Rancangan resolusi menyerukan kepada negara-negara anggota untuk menangani kondisi yang kondusif bagi penyebaran terorisme, termasuk dengan mencegah radikalisme dan mendorong kolaborasi erat, peningkatan kapasitas dan berbagi pengalaman tentang penuntutan, rehabilitasi dan langkah-langkah reintegrasi, termasuk penyelidikan kriminal, penyelidikan bersama, dan pencegahan radikalisasi di penjara.
Rancangan resolusi juga meminta negara-negara anggota untuk mengembangkan alat penilaian dan risiko, metodologi standar, dan mekanisme pengawasan.
Untuk Indonesia sendiri, PRR merupakan bagian integral dari pendekatan komprehensif dalam menyikapi ancaman teroris.
"Pendekatan ini sangat penting dalam upaya kontra-terorisme secara keseluruhan dan oleh karena itu harus menjadi salah satu prioritas Dewan Keamanan.
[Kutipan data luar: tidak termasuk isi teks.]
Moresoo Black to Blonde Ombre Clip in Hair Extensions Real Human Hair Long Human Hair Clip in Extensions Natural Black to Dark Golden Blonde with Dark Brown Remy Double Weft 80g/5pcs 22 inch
Tanpa tindakan PRR yang komprehensif, ada risiko signifikan bahwa teroris dapat jatuh ke dalam siklus residivisme yang tak ada habisnya," jelas dia.
Menurut Djani, Resolusi PRR jika diadopsi, akan menjadi alat kunci bagi Dewan, dan semua Negara Anggota PBB, serta sistem PBB, untuk memiliki strategi yang komprehensif dan berjangka panjang dalam melawan aksi teroris dan ekstremisme kekerasan yang kondusif serta mencegah terulangnya aksi teroris.
"Oleh karena itu, kegagalan Dewan untuk mengadopsi resolusi penting ini tidak hanya melumpuhkan upaya kolektif kita untuk menghadapi ancaman terorisme, tetapi yang paling penting juga mengirimkan sinyal yang merusak bahwa Dewan, untuk pertama kalinya, tidak bersatu dalam perang melawan momok. terorisme," ungkap Djani.
Faktanya, inisiatif Indonesia atas rancangan resolusi PRR mendapatkan dukungan luar biasa dari hampir semua anggota Dewan. Ini adalah bukti yang jelas dan kuat tentang nilai dan substansi yang ditawarkannya.
Meskipun mayoritas anggota setuju dengan inisiatif penting ini, sayangnya ada anggota Dewan yang memiliki pandangan yang berlawanan tentang apa yang terbaik untuk dunia dan bagaimana Dewan harus bergerak maju. Hikmat banyak orang tampaknya diabaikan.
"Upaya kolektif kami untuk menemukan resolusi Dewan yang berarti tentang PRR tidak boleh berakhir di sini dan sekarang. Kami berpandangan bahwa ke depan isu penting seperti ini akan terus mendapatkan rasa hormat dan dukungan dari semua anggota Dewan, mengingat yang dipertaruhkan adalah keselamatan dan keamanan umat manusia," terangnya.
"Perlu diketahui bahwa dunia akan lebih aman dengan rancangan resolusi ini, namun, kami kehilangan kesempatan berharga dengan tidak mengadopsinya hari ini," sambung Djani.